____ ENTRIES SUPPLIED

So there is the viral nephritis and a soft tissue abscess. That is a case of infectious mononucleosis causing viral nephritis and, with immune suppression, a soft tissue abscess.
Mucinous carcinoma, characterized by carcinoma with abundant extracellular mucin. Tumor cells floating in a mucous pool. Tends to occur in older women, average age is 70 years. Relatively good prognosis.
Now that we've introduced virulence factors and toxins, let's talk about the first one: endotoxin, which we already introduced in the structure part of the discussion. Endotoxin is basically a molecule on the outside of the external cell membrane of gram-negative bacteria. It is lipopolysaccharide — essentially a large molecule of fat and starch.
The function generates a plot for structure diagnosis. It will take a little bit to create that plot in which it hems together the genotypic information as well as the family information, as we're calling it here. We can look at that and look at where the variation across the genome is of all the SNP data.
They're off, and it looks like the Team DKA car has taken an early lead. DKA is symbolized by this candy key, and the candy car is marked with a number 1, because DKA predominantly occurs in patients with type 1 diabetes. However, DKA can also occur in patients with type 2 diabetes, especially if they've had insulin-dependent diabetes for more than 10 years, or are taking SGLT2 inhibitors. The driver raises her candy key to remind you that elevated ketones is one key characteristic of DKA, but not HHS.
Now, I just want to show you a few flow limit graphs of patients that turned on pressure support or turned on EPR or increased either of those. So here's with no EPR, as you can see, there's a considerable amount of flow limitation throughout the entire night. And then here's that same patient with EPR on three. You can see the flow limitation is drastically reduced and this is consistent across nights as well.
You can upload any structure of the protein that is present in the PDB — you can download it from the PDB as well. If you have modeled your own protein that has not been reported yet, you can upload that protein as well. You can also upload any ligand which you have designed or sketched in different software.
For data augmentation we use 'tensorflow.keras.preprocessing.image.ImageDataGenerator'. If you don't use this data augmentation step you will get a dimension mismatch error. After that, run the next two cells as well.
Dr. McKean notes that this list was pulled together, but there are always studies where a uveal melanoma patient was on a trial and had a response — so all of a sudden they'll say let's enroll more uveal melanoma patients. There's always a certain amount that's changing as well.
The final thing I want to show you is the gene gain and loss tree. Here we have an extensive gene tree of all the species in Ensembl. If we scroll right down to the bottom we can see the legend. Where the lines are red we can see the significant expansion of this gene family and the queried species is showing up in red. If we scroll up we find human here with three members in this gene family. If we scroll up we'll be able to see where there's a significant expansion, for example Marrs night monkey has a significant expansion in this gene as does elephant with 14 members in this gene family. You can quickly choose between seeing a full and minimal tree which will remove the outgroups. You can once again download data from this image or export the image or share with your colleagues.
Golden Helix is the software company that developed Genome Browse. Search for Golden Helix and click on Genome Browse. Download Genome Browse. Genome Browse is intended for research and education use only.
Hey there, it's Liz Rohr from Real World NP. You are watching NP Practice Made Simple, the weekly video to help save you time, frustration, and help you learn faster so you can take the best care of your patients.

________

WORK ITEM: Each line above should be reproduced exactly, with nothing omitted.

YOUR SOLUTION:
So there is the viral nephritis and a soft tissue abscess. That is a case of infectious mononucleosis causing viral nephritis and, with immune suppression, a soft tissue abscess.
Mucinous carcinoma, characterized by carcinoma with abundant extracellular mucin. Tumor cells floating in a mucous pool. Tends to occur in older women, average age is 70 years. Relatively good prognosis.
Now that we've introduced virulence factors and toxins, let's talk about the first one: endotoxin, which we already introduced in the structure part of the discussion. Endotoxin is basically a molecule on the outside of the external cell membrane of gram-negative bacteria. It is lipopolysaccharide — essentially a large molecule of fat and starch.
The function generates a plot for structure diagnosis. It will take a little bit to create that plot in which it hems together the genotypic information as well as the family information, as we're calling it here. We can look at that and look at where the variation across the genome is of all the SNP data.
They're off, and it looks like the Team DKA car has taken an early lead. DKA is symbolized by this candy key, and the candy car is marked with a number 1, because DKA predominantly occurs in patients with type 1 diabetes. However, DKA can also occur in patients with type 2 diabetes, especially if they've had insulin-dependent diabetes for more than 10 years, or are taking SGLT2 inhibitors. The driver raises her candy key to remind you that elevated ketones is one key characteristic of DKA, but not HHS.
Now, I just want to show you a few flow limit graphs of patients that turned on pressure support or turned on EPR or increased either of those. So here's with no EPR, as you can see, there's a considerable amount of flow limitation throughout the entire night. And then here's that same patient with EPR on three. You can see the flow limitation is drastically reduced and this is consistent across nights as well.
You can upload any structure of the protein that is present in the PDB — you can download it from the PDB as well. If you have modeled your own protein that has not been reported yet, you can upload that protein as well. You can also upload any ligand which you have designed or sketched in different software.
For data augmentation we use 'tensorflow.keras.preprocessing.image.ImageDataGenerator'. If you don't use this data augmentation step you will get a dimension mismatch error. After that, run the next two cells as well.
Dr. McKean notes that this list was pulled together, but there are always studies where a uveal melanoma patient was on a trial and had a response — so all of a sudden they'll say let's enroll more uveal melanoma patients. There's always a certain amount that's changing as well.
The final thing I want to show you is the gene gain and loss tree. Here we have an extensive gene tree of all the species in Ensembl. If we scroll right down to the bottom we can see the legend. Where the lines are red we can see the significant expansion of this gene family and the queried species is showing up in red. If we scroll up we find human here with three members in this gene family. If we scroll up we'll be able to see where there's a significant expansion, for example Marrs night monkey has a significant expansion in this gene as does elephant with 14 members in this gene family. You can quickly choose between seeing a full and minimal tree which will remove the outgroups. You can once again download data from this image or export the image or share with your colleagues.
Golden Helix is the software company that developed Genome Browse. Search for Golden Helix and click on Genome Browse. Download Genome Browse. Genome Browse is intended for research and education use only.
Hey there, it's Liz Rohr from Real World NP. You are watching NP Practice Made Simple, the weekly video to help save you time, frustration, and help you learn faster so you can take the best care of your patients.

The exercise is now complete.